It might be argued that there are times when important national security interests of the United States require immediate action, and do not allow for the delays of going before a judge or panel of judges to get approval.

Such problems of urgency have been dealt with before– with the FISA court, for example. With FISA, there’s a provision for having the action first and the approval second, when delay would be too costly. But the principle remains: certain actions by the executive must be independently reviewed, to assure that they indeed meet the established and codified legal criteria, and are not being undertaken for self-serving or other illegitimate reasons.

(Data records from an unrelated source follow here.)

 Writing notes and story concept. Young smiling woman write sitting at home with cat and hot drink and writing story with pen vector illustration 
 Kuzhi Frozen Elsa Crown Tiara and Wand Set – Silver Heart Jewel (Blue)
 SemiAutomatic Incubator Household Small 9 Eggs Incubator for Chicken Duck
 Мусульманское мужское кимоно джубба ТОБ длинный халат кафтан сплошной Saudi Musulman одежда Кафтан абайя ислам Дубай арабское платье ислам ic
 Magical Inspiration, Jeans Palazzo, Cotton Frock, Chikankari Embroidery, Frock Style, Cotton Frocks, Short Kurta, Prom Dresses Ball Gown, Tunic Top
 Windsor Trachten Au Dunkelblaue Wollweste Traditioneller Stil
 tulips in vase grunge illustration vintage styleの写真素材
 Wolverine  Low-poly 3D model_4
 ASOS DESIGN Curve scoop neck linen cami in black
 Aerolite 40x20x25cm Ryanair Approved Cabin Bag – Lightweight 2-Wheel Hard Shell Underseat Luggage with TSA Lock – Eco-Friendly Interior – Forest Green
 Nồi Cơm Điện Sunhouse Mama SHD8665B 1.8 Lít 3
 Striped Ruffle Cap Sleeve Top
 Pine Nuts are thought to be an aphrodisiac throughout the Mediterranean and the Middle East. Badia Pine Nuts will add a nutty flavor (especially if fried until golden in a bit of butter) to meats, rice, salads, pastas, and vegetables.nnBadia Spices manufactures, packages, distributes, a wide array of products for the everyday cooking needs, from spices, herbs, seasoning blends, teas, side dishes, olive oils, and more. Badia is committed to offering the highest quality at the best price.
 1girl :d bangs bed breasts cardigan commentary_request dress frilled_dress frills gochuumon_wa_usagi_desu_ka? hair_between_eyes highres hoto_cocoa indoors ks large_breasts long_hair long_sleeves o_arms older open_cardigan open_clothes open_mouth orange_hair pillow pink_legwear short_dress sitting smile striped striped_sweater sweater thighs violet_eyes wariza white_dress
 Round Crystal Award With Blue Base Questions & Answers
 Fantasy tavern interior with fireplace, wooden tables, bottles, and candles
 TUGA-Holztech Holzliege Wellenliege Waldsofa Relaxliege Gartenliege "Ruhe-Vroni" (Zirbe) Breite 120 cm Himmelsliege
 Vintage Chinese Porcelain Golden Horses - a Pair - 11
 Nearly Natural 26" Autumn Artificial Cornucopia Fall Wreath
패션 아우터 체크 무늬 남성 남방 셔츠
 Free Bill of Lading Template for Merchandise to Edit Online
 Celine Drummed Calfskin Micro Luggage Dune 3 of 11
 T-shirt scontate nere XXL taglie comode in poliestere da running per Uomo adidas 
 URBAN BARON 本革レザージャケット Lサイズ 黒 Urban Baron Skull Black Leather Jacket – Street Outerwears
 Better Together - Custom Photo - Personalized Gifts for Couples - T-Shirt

So again, I’m left wondering what it means that the memos disclosed last week call for no one to enter into the decision or review process who does not work for the president.

It is sometimes said, as if it were a matter of course, that presidents always seek to hold onto powers and never to limit them. That should not be taken by us citizens as any justification. We should insist that our leaders put the well-being of the nation ahead of their own enjoyment of powers.

And besides, if there are good national-security reasons –meeting all the necessary criteria– for the targeted killings, the court established to review such decisions would not be an obstacle to the desired actions. (In the case of the FISA court, only a relative handful of requests were denied, out of thousands applied for.)

So what does it mean that the president has not worked to establish what would seem clearly to be the proper legal framework for such a program?

* NOTE:

The other two criteria that would need to be met are:

    1) An agreed upon level and kind of threat:  There needs to be a codified, articulated set of criteria regarding who would constitute the kind of threat necessary to make a person a legitimate target.  I won’t venture what they should be, but I think it should involve something tantamount to making war against the United States.  No one, I would say, should be able to make war on the U.S. with impunity.  

    2) The impossibility of legal process: All acceptable targets would have to be beyond the reach of the law. Anyone meeting the first criteria whom it is possible to arrest –by American or other legal authorities–would have to be arrested and tried, not targeted by drones.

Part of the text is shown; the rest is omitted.